First Airlines restaurant in Tokyo is offering guests a unique “in-flight” Virtual Reality (VR) dining experience, with virtual tours of cities including Hawaii, Rome, Paris and New York.
Diners “check in” to the flight, sit in a comfortable first-class seat and enjoy a realistic pre-flight safety demonstration, before enjoying an array of dishes similar to those served on flights.
After “take-off”, guests are treated to a four-course meal themed around the cuisine of their VR destination. The New York experience, for example, includes chopped salad, Manhattan clam chowder, Angus beef steak with bacon and balsamic truffle sauce and cheese cake, while those “travelling” to Italy can enjoy dishes such as salmon carpaccio and tiramisu.

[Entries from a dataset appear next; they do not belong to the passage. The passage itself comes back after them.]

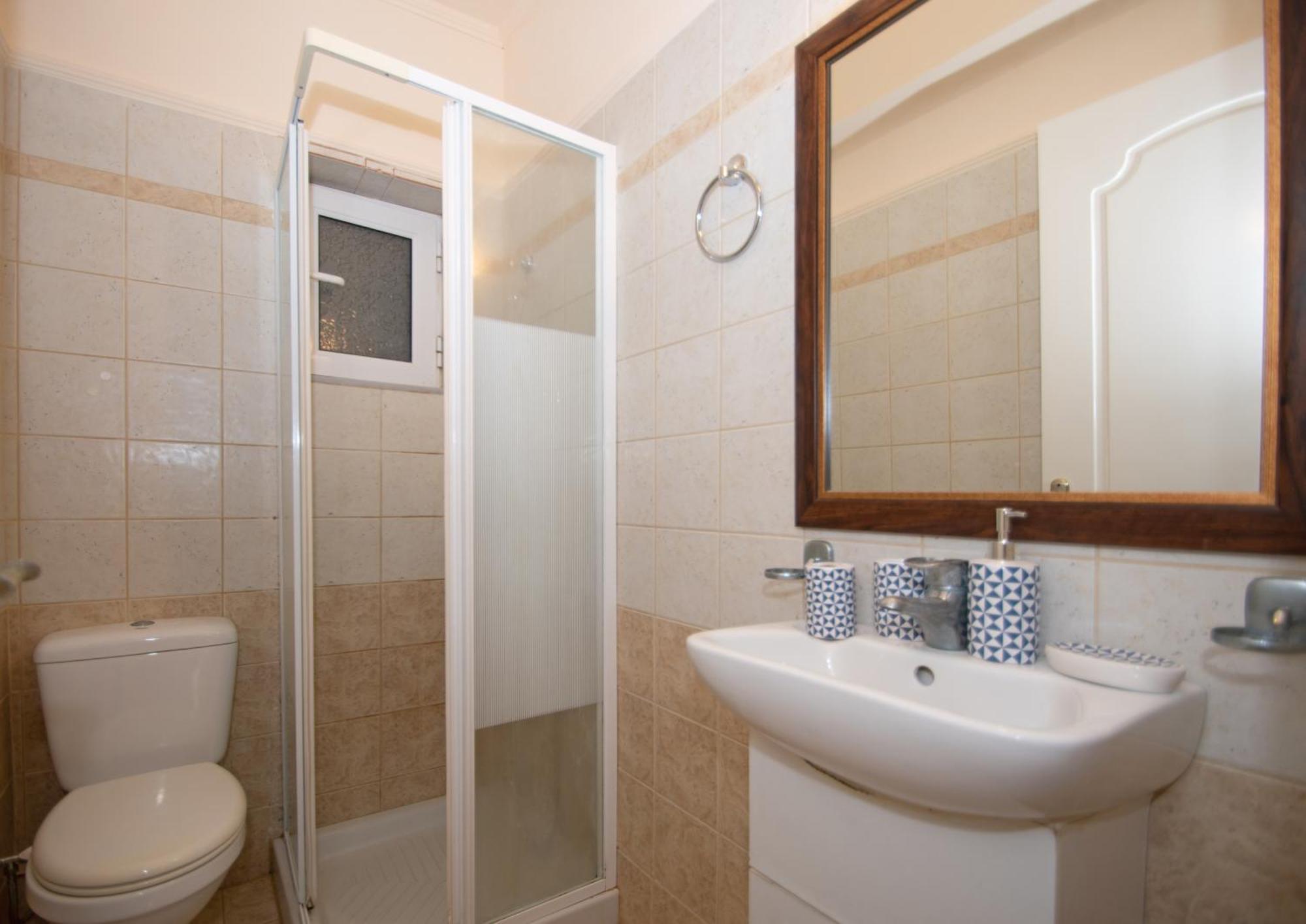Afrodite'S Oasis Villa By "Elite" Akrotiri  Bagian luar foto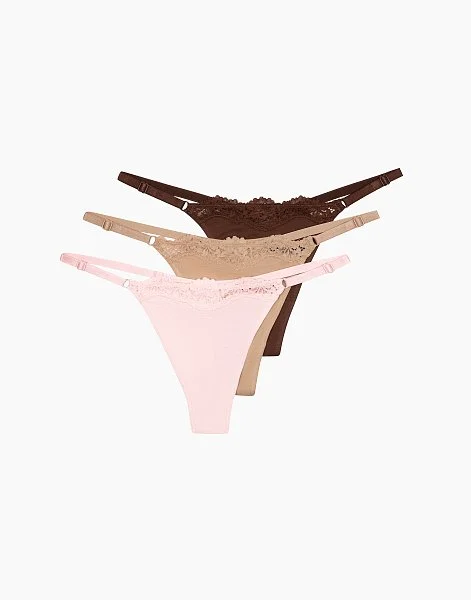 Цветное нижнее белье из хлопка - 6-1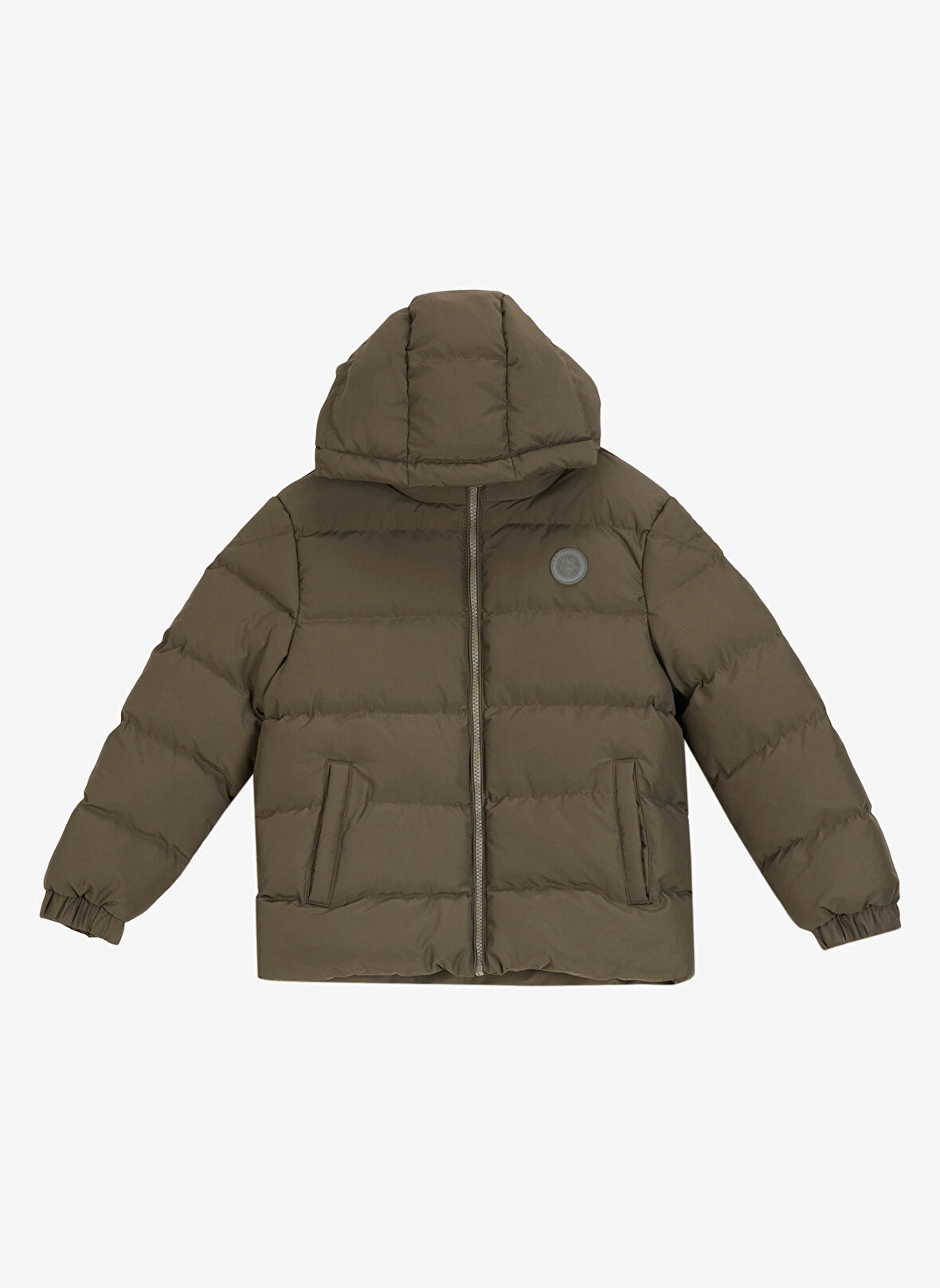 Jeep Haki Erkek Çocuk  Mont J4WB-MNT7716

For authenticity, diners are served by former first-class cabin crew members, while the company uses Airbus 310 and 340 seats, which First Airlines says is the “finest seat” used on real first-class flights.
Guests can choose either first or business class seats, although the VR experience remains the same throughout the “plane”.

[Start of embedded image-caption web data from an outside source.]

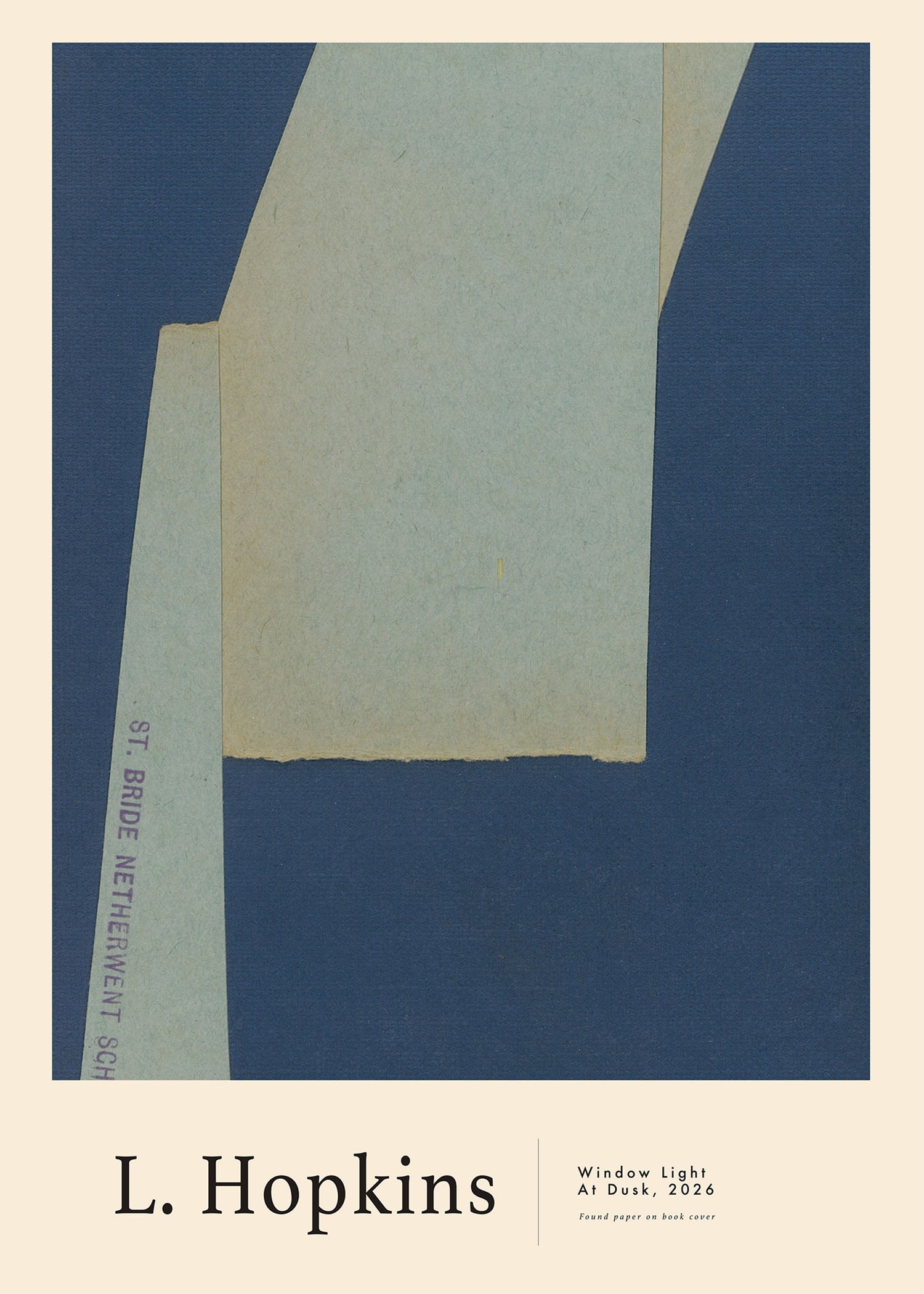 Window Light at Dusk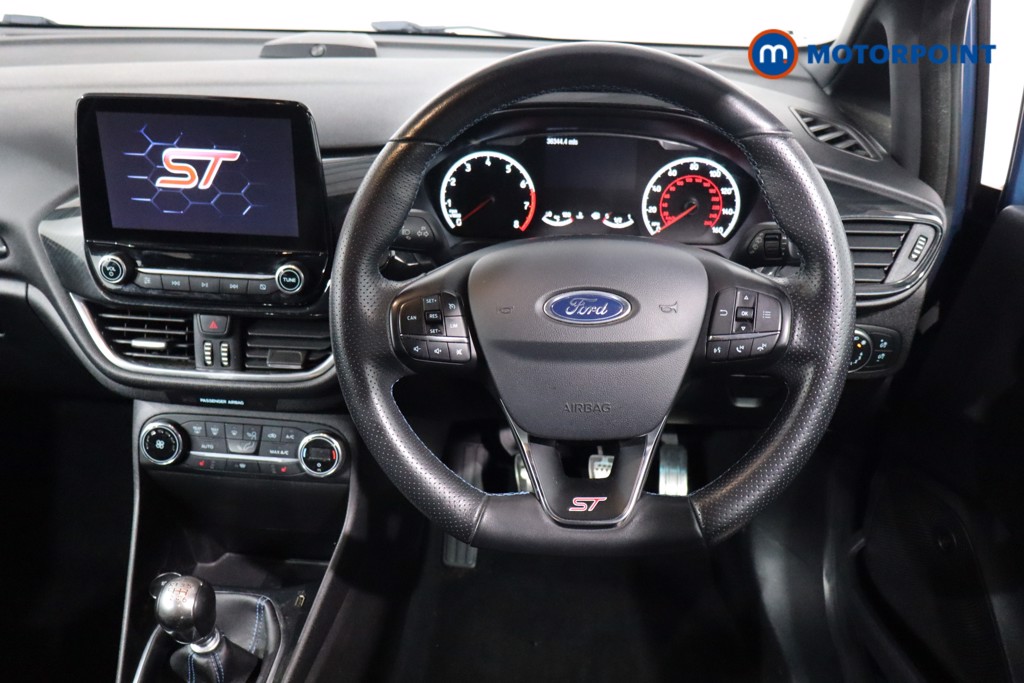 Ford Fiesta St-2 Manual Petrol Hatchback - Stock Number (1553264) - 1st supplementary image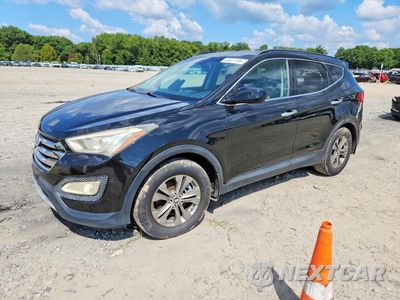 2014 HYUNDAI SANTA FE SPORT 2.4L 5XYZU3LB6EG132367 - główne zdjęcie licytacji z USA - miniatura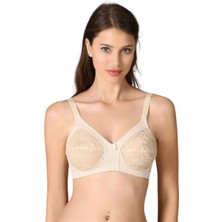 Miraxx Ten Emay 145 B Dantelli Toparlayıcı Sütyen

The restaurant sells tickets via an airline-style website, ranging in price from approximately 4,980 yen (£33) to 5,980 yen (£40), and also offers guests discounts at three local shops upon presenting their “boarding passes”.
“Virtual Reality has been grabbing technology headlines for a few years now, though it’s only recently matured into a viable discipline for businesses to reach customers in a way that no other medium can,” James Beveridge, MD and co-founder of Pebble Studios told The Independent.
“The ability of VR to awaken our senses in a world of click bait and mindless social scrolling is where its true value lies. This creates a lasting emotional connection which is increasingly difficult to achieve in today’s cluttered media landscape.
“VR experiences remove any unnecessary distraction, focusing our minds and taking us away from the real world. The result is mesmerising and even meditative.
“But the technology alone is simply not enough. The potential is only truly felt when the content itself is intelligently crafted and creatively inspired.”
VR travel experiences have grown in popularity over the last few years. Companies including Viator have launched a number of VR tours including a Colosseum and Ancient Rome tour, a Pompeii tour and a virtual reality tour of the Eiffel Tower.